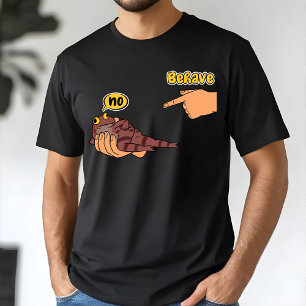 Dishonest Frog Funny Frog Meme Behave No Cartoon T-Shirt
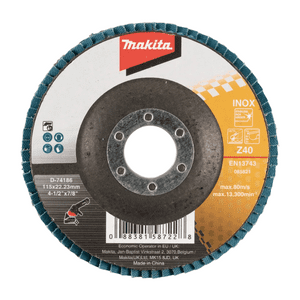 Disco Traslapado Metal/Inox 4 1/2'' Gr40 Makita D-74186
==
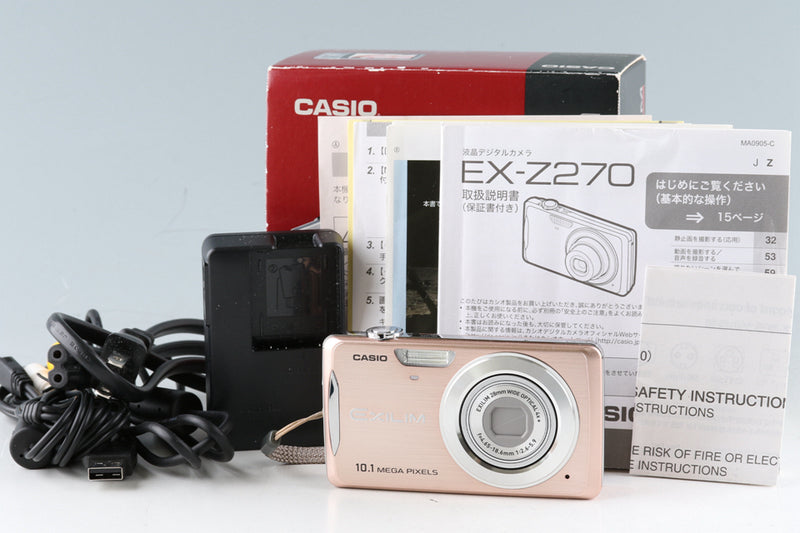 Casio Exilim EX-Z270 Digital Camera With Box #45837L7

**REQUIRED ACTION**
The line holding "Dishonest Frog Funny" starts the copy and the line holding "Disco Traslapado Metal/Inox" ends it. Repeat those two lines above and all between them exactly, leaving out pictures.

**REPLY**
 Dishonest Frog Funny Frog Meme Behave No Cartoon T-Shirt
 Disco Traslapado Metal/Inox 4 1/2'' Gr40 Makita D-74186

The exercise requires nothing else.